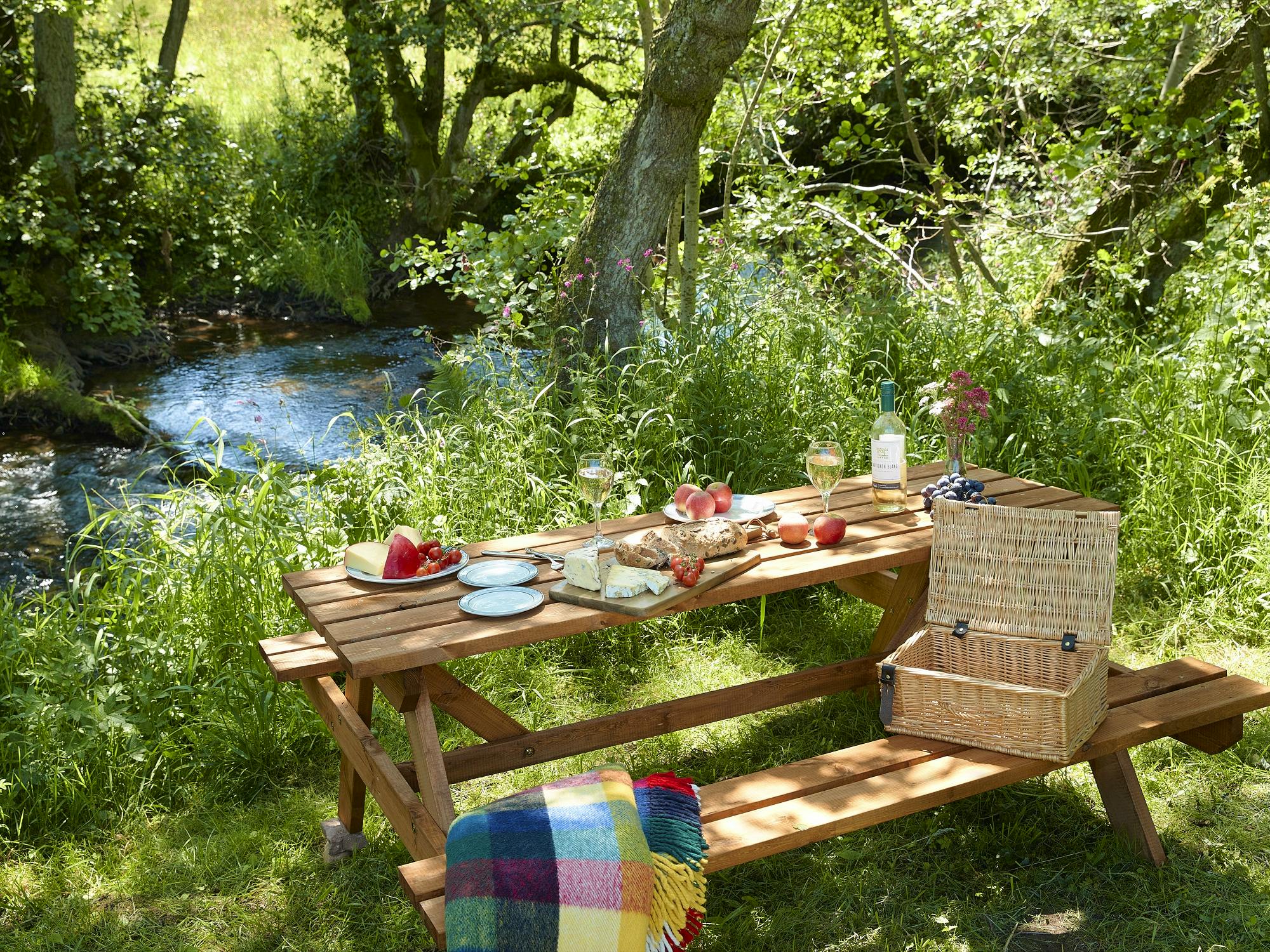 private picnic table by the river front at Elm Retreat and Rowan Retreat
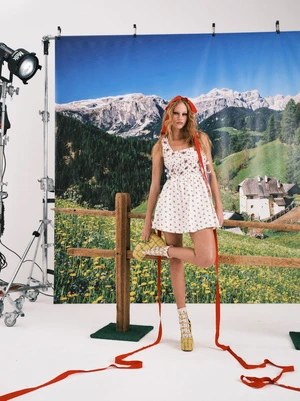 Model standing before an alpine backdrop banner wearing a white patterned dress and long red ribbons.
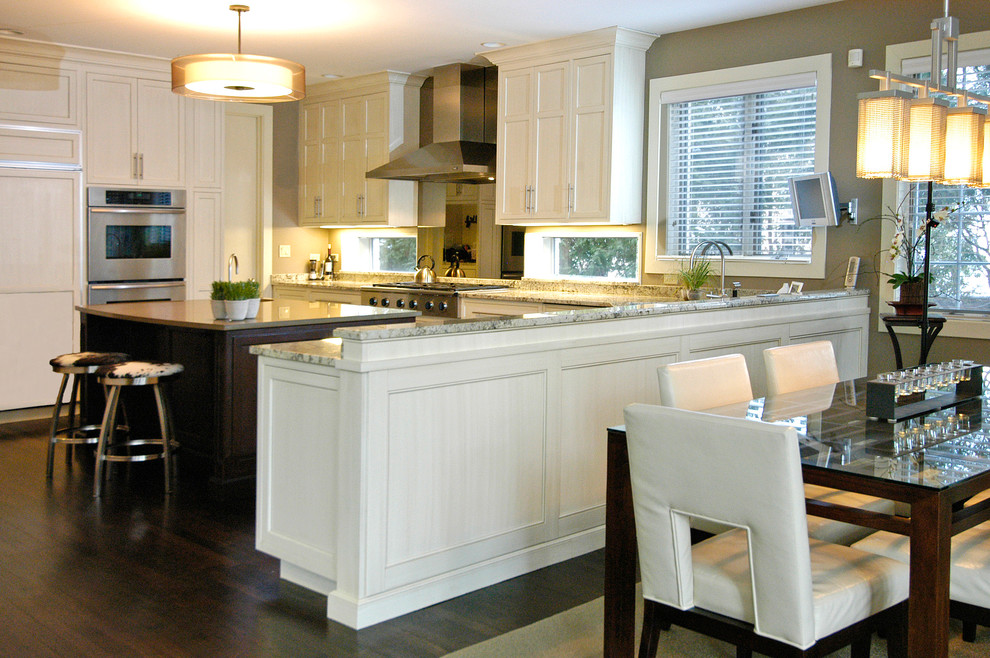 Eat-in kitchen - transitional eat-in kitchen idea in Chicago with flat-panel cabinets, white cabinets and stainless steel appliances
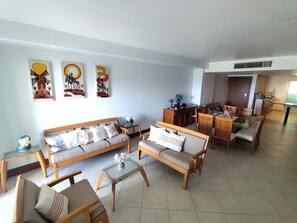 Un salon spacieux comprenant un ensemble de canapés, une table basse et un coin repas.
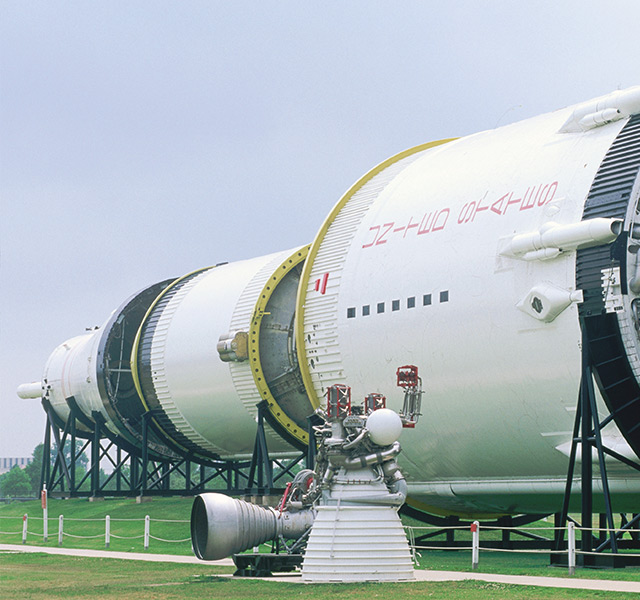 A close up of a space craft outside in a space center.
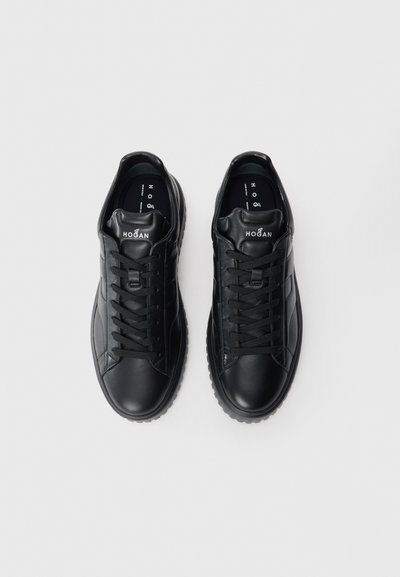 Pair of black leather Hogan sneakers with black laces, thick soles, and white branding on tongue against a plain white background.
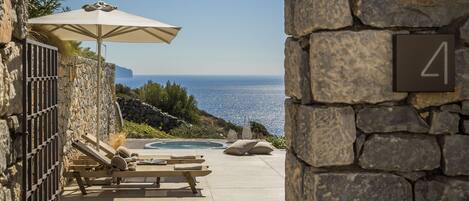 A stone-walled outdoor area with a pool, lounge chairs, and a view of the sea.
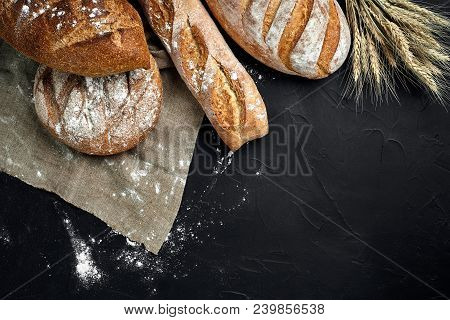 Bakery - Gold Rustic Crusty Loaves Of Bread And Buns On Black Chalkboard Background. Still Life Capt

- - - - - - -

**Your instructions:** Begin with the line containing "Pair of black", stop at the last line of the records above, and copy every line in between exactly, both ends included, with no pictures.

**Solved exercise:**
 Pair of black leather Hogan sneakers with black laces, thick soles, and white branding on tongue against a plain white background.
 A stone-walled outdoor area with a pool, lounge chairs, and a view of the sea.
 Bakery - Gold Rustic Crusty Loaves Of Bread And Buns On Black Chalkboard Background. Still Life Capt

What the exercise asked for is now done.